La question de la valeur du travail est un beau sujet, pas uniquement en termes économique et social, mais bien en monnaie sonnante et trébuchante. En effet, le clivage actionnariat / travailleurs est toujours d’actualité, et le dossier du partage des dividendes est revenu en haut de la pile. Ça y est, c’est fait, la prime de partage des profits ou prime sur les dividendes a été promulguée au Journal officiel du 29 juillet 2011 dans la loi de financement rectificative de la sécurité sociale pour 2011. Cette prime est obligatoire pour les entreprises de 50 salariés et plus qui ont versé aux actionnaires des dividendes en hausse par rapport à la moyenne des dividendes versés lors des deux exercices précédents.
Effet d’annonce
Alors que le pouvoir d’achat est au cœur de la campagne, passée et future, le partage des profits semblait une aubaine. Jean-Philippe Cotis, patron de l’Insee, a donc remis en mai 2009 un rapport au Président sur le partage de la valeur ajoutée, le partage des profits et les écarts de rémunération en France.
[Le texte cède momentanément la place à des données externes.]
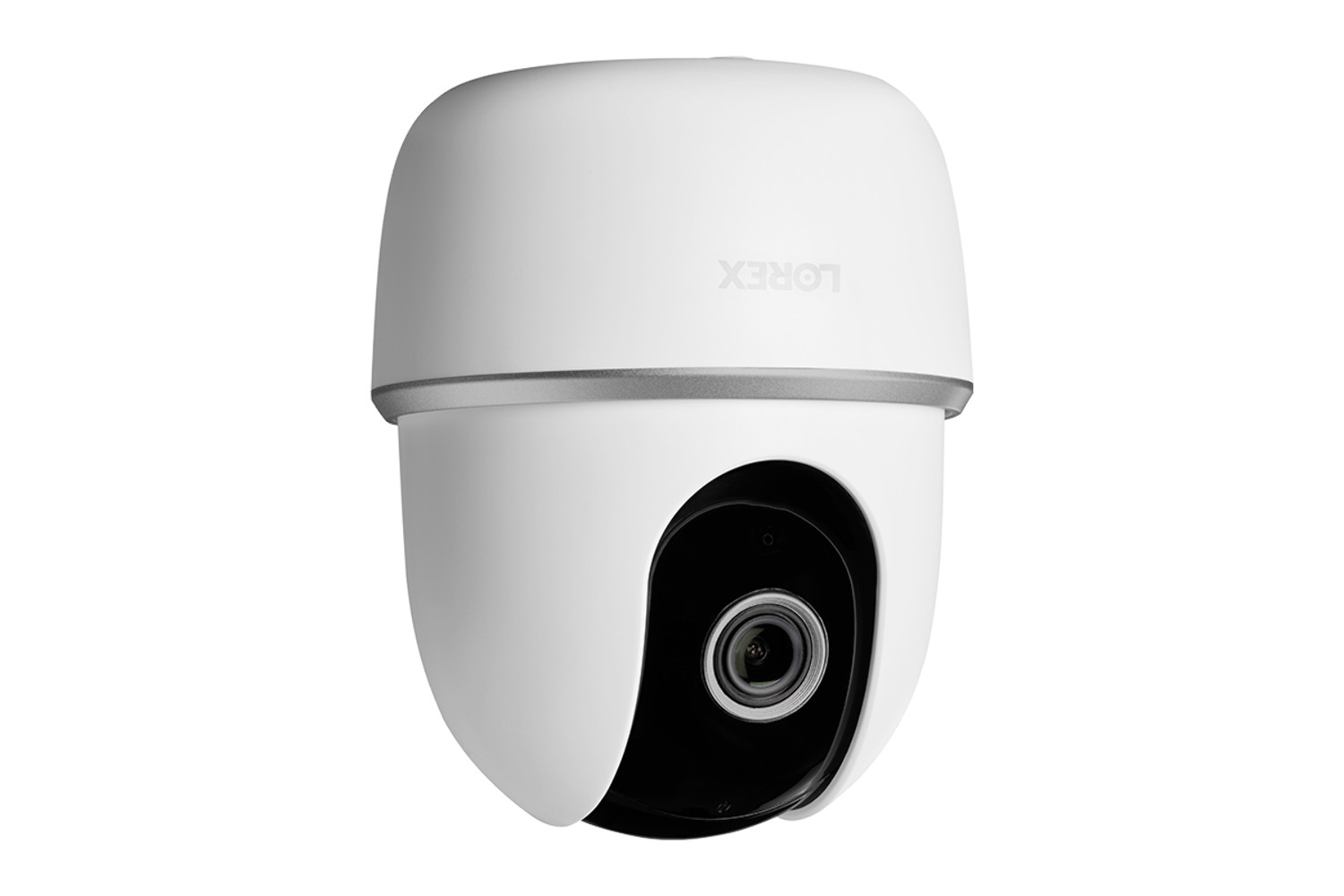 Lorex 2K Pan-Tilt Indoor Wi-Fi Security Camera (16GB)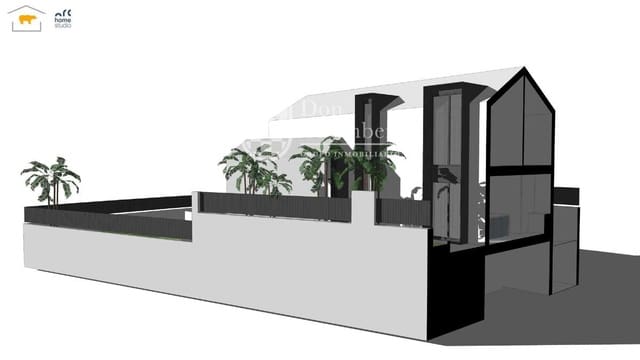 Byggegrund til salg i El Molar - € 149.000 (Ref: 9416147)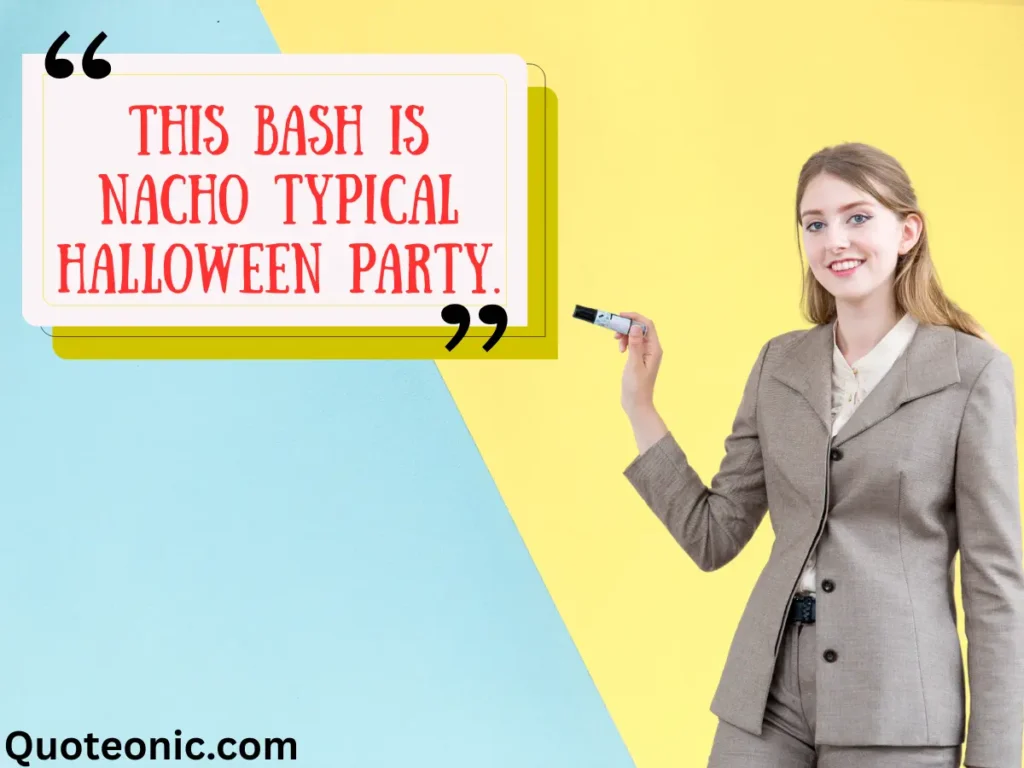Best Cheesy Halloween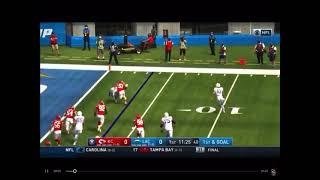Mabach mabach Justin Herbert highlights 2020/21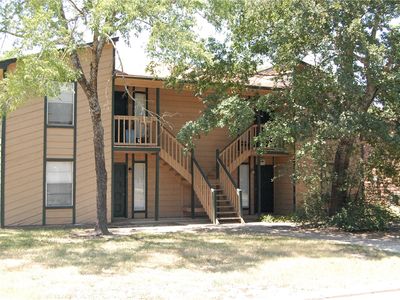 2402 Bosque Dr #A-d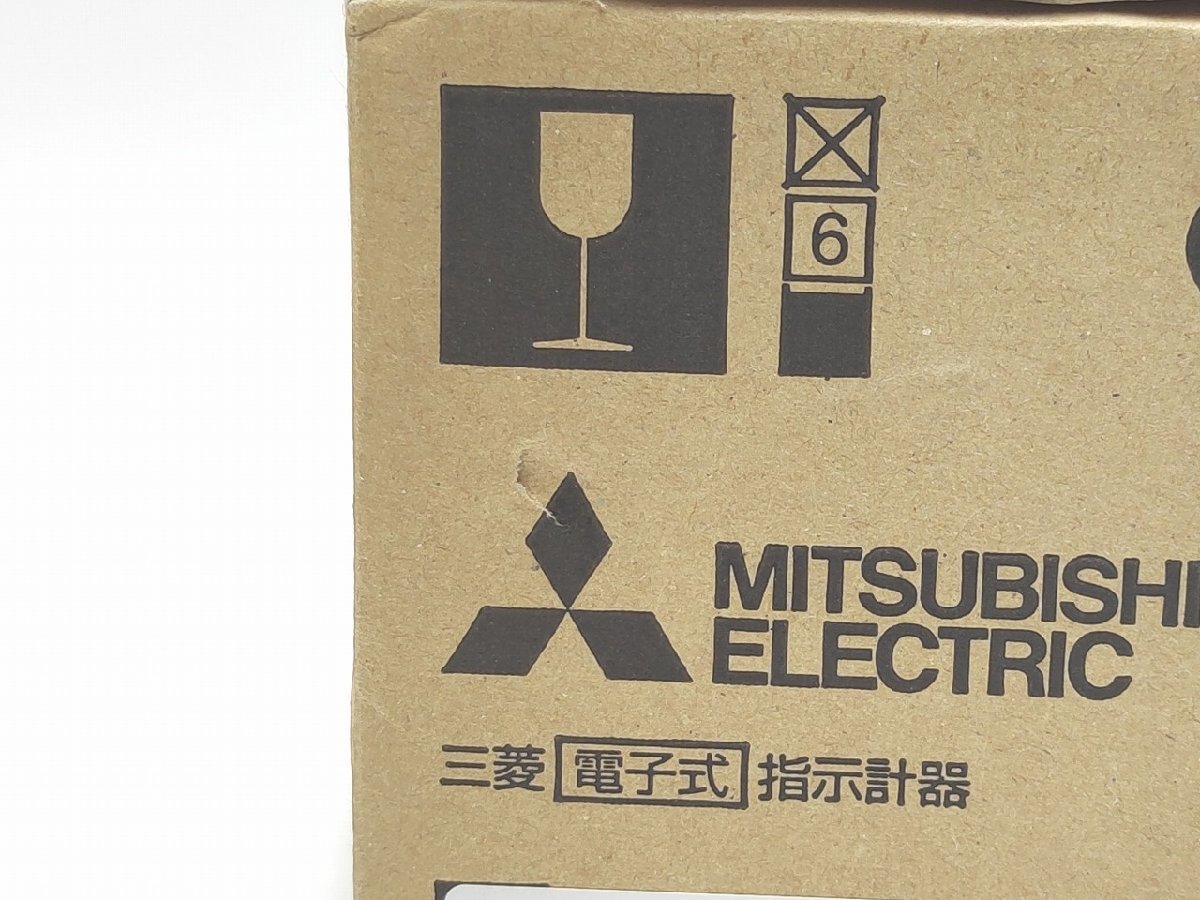 Mitsubishi ME110SSR-4APH Electronic Multi-Indicator [h1122199155]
Ce rapport établit que « le partage du profit suit des modèles très variables d’une entreprise à l’autre (…). Les politiques de versement de dividendes apparaissent très différentes selon les tailles des entreprises. (…) Dans de nombreuses PME, le propriétaire-dirigeant est actionnaire unique. La décision de versement des dividendes perd beaucoup de sa signification. De fait, seules 16% des PME versent des dividendes. » Bref, les situations sont très diverses selon les tailles d’entreprise, affectant le dynamisme salarial dans son ensemble. Tout ne serait donc question que de redistribuer la valeur ajoutée entre ceux qui permettent d’en produire, de manière équitable entre l’entreprise, ses actionnaires et les salariés. Les dispositifs pour redistribuer les bénéficies aux salariés sont nombreux et complexes : intéressement, participation, prime, pee, perco… Ce qui fait que parfois, les salaires peuvent comporter une part variable. L’armada de redistribution des profits est donc déjà plutôt favorable aux employeurs. Alors une nouvelle prime va-t-elle vraiment permettre de tout rééquilibrer ?
Avis non partagé
Selon un sondage réalisé par Viavoice pour la BPCE, Les Echos et France Info les 19 et 20 mai 2011, 62% des Français estimaient que la « prime sur les dividendes » est « une bonne solution » pour augmenter le pouvoir d’achat (dans la mesure où 90% des entreprises insulaires sont des TPE (Très Petites Entreprises), la mesure ne va pas affecter beaucoup de travailleurs corses). Avis non partagé par les syndicats et le patronat, qui estiment que la prime ne va pas dans un sens positif, puisque les syndicats dénoncent l’attentisme, le contournement de la loi et des négociations tronquées, avec des primes miséreuses par rapport aux parts variables des hauts salaires, et le patronat juge que c’est une contrainte supplémentaire pour les directions qui préfèreraient privilégier une stratégie de rémunération individuelles à la performance. Sans compter que la mise en place de cette prime peut aussi représenter un manque à gagner pour la collectivité, puisque ce dispositif est exonéré de cotisations sociales, dans la limite de 1200 euros par an et par salarié (à l’exception de la CSG, de la CRDS et du forfait social), mais pas d’impôt sur le revenu, la prime étant donc imposable pour le salarié. Le partage des bénéfices n’aura donc pas montré sa pleine équité.
Réalité controversée
Côté bilan 2011 de la prime de partage des profits, elle s’est élevée en moyenne à 420€ par salarié concerné. Le ministère du Travail n’a pas précisé le nombre des bénéficiaires de la prime, ni celui des entreprises concernées par cette obligation. Selon des informations recueillies par l’AFP, les primes versées sont allées de 8€ bruts chez Securitas France (des salariés ont reversé cette « prime du mépris » aux Restos du cœur) à 1200 € pour certains salariés de Michelin. Parmi les entreprises du CAC 40, 23 ont dû verser cette prime, les autres n’affichant pas de dividendes en hausse ou n’ayant pas augmenté les dividendes versés aux actionnaires. La colère des salariés par rapport aux inégalités de traitement entre les hauts et les bas salaires ne sera donc pas apaisée par cette prime, qui aura au moins eu le mérite d’imposer un débat sur le partage des profits dans les entreprises.